Recursion

The simple definition of a recursive program is one that calls itself. As well as a recursive function is one that is defined in terms of itself. One important part of a recursive program/function is a terminal condition; that is, a condition upon which the program stops calling itself. Without such conditions recursive programs would never stop.

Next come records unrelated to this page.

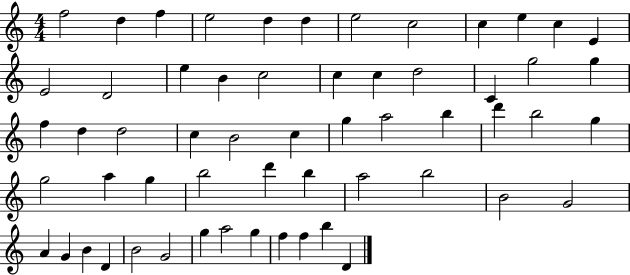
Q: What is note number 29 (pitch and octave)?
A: C5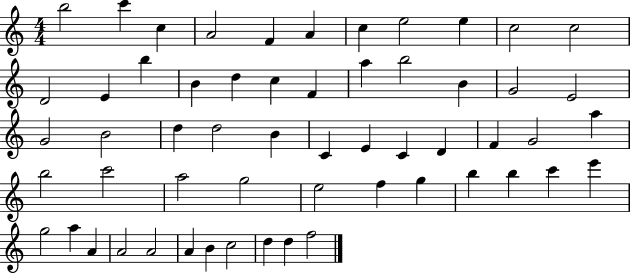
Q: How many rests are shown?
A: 0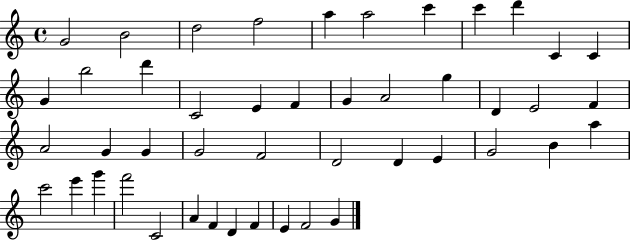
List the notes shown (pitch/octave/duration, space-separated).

G4/h B4/h D5/h F5/h A5/q A5/h C6/q C6/q D6/q C4/q C4/q G4/q B5/h D6/q C4/h E4/q F4/q G4/q A4/h G5/q D4/q E4/h F4/q A4/h G4/q G4/q G4/h F4/h D4/h D4/q E4/q G4/h B4/q A5/q C6/h E6/q G6/q F6/h C4/h A4/q F4/q D4/q F4/q E4/q F4/h G4/q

Here is an example of a recursive definition

n! = n * (n-1)!
1! = 1 
As you can see we define factorial of a number through factorial of a smaller number. We also defined the terminal condition. Using this definition, it is easy to design a factorial() function:
unsigned int factorial(int n)
{
   if( n == 1 ) return 1;
   return n * factorial(n-1);
}

Although it is easy to design such a function, it turns out to be not the most efficient way to compute the factorial. To illustrate the idea of the effectiveness, we consider another recursive example - the Fibonacci numbers. A sequence of Fibonacci numbers is defined by the following rules:

f1 = 1
f2 = 1
fn = fn-1 + fn-2
We will compare two different implementations of a function that computes Fibonacci numbers:
unsigned int fibonacci(int n)
{
   if( n < 3 ) return 1;
   return fibonacci(n-1) + fibonacci(n-2);
}
unsigned int fibonacci(int n)
{
   if( n < 3 ) return 1;
   unsigned int fpp = 1, fp = 1, f;
   for(int i=3;i<=n;i++){
      f = fpp + fp;
      fpp = fp;
      fp = f;
   }
   return f;
}
n Recursive Iterative
28 0 0
30 16 0
32 47 0
34 109 0
36 297 0
38 750 0
40 1,938 0
42 5,141 0
44 13,469 0
46 35,235 0
If we try to measure time that is required for these functions to compute a Fibonacci number with index n, we can see that the time required by the recursive version grows tremendously. It turns out, that despite the recursive function looks much easier, it is much more expensive.


N queens problem

We will consider a problem of setting 8 queens on a chess board in such a way that they do not attack each other. The recursion is a good variant of solving such a problem because we need to look over all possible variations and select the one possible.
For example, on this board we cannot put queens on the squares with black dots.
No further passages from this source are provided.